You forget the real thing and you start taking small things as big. So, when you get those small things in your palm, you feel as if the entire world is there on your palm, it’s nothing. It’s a globe, not the world, worth very little.

The celebrations are misplaced. Equally, irrespective of whether the little thing is a globe, or a kid’s little plastic ball, the fact is that you’re born to achieve the real goal. That is the purpose of your birth, otherwise you wouldn’t have been born. So, there is no need for any gloom or despondency.

Misplaced celebration is just as bad as depression, no? Misplaced celebration is foolish happiness. And depression, if I may say, it might sound insensitive to some, but I’ll proceed, is just foolish sadness, right? You’re never in too good a position as long as you’re alive. Because you’re alive, so the work is still incomplete. So, you can never be in such a good position, that you think that the work is complete and you start partying and put a full stop to the journey. No!

Equally, irrespective of how bad your condition is, you still have a chance, so you can party. So, what am I saying with respect to partying, I’m saying, “When there’s a lot of temptation to party, remember it’s not the time to party. And when you feel like sulking in your loneliness and weeping on the pillow, that exactly, is the time to party.”

So yes, we’re all allowed to celebrate and party, but not in ignorance. All celebrations must have wisdom at its core. Life is ruthless a lot of times, and when it hits you at just the wrong places and terribly hard, that’s when you must party. And when it’s very obvious that nice and pleasant things are happening, you should know that a trap is being laid out for you. Avoid the party. Avoid the party then.

Questioner 1: Ok. Thank you so much!

Questioner 2: Sir, I’ve a follow up question to this. Why is it not the right thing to be on the extremities of her emotions? If she’s sad, she’ll be sad for a time, and then she’ll be happy at another time. It’s like she’ll, let lose everything, maybe, let lose all her consciousness for some time, why is it not good for a person?

Acharya Prashant: It’s not that it’s not good, it’s just that it’s not your nature. Also, the kind of self-correcting mechanism you’re talking of, does not exist in all people, and at all times. You’re saying, “If someone is feeling sad or down, then let that person plunge into the depths of sadness, and from there she’ll bounce back on her own.” That may happen, that may also not happen. Further, that may take a lot of time to happen. Further, in your misplaced feeling of sadness, you might take certain decisions that are irreversible. At Least you might take decisions, that lead to a loss of lot of time, and that is irreversible.

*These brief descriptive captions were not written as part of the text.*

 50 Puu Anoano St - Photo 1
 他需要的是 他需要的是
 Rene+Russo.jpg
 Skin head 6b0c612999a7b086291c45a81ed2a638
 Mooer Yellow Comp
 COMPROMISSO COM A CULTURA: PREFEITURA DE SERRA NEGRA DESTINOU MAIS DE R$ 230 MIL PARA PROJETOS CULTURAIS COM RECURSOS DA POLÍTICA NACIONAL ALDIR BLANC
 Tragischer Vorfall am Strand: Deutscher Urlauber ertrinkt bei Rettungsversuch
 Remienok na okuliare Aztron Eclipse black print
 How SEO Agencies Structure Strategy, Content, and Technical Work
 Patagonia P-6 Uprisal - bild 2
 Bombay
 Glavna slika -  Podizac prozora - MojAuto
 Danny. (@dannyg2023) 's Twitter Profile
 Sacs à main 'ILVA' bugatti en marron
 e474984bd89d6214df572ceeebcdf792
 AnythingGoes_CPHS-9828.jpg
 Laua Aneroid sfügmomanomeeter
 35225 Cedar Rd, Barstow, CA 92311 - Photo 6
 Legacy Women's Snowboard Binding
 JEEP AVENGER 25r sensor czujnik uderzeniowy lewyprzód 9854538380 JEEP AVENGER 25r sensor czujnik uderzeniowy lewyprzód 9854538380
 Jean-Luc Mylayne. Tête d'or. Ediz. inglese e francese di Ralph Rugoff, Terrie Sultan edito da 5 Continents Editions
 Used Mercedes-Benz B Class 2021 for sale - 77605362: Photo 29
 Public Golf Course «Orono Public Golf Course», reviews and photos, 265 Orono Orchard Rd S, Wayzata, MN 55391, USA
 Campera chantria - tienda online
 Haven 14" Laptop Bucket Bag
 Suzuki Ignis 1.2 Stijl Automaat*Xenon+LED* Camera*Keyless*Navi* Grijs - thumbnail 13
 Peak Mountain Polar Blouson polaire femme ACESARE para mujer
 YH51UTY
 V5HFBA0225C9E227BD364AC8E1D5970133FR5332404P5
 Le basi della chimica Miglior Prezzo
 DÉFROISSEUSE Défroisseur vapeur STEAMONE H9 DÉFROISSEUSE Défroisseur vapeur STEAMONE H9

Equally, when you’re unnecessarily jubilant, you may again make decisions that may cost you dearly, or at least you’ll waste time. So that’s why these extremities are to be avoided, both being false. Anything false is avoidable, no?

Questioner 2: But I feel that being at extremities will allow a person to maybe explore that side, and gain more clarity regarding the situation.

Acharya Prashant: If that person had such a knack for exploration, why would he have landed at the extremity first of all? What makes you land at that extreme? Your unconscious self, right? Because you don’t know yourself, therefore you find yourself in depths of despair or clouds of happiness. That’s because you’re unconscious towards yourself. That’s because you’ve not explored yourself fully or deeply.

Now you’re saying, “Being in those depths, I’ll suddenly become conscious and start exploring.” That may happen, by virtue of grace, more likely that may not happen.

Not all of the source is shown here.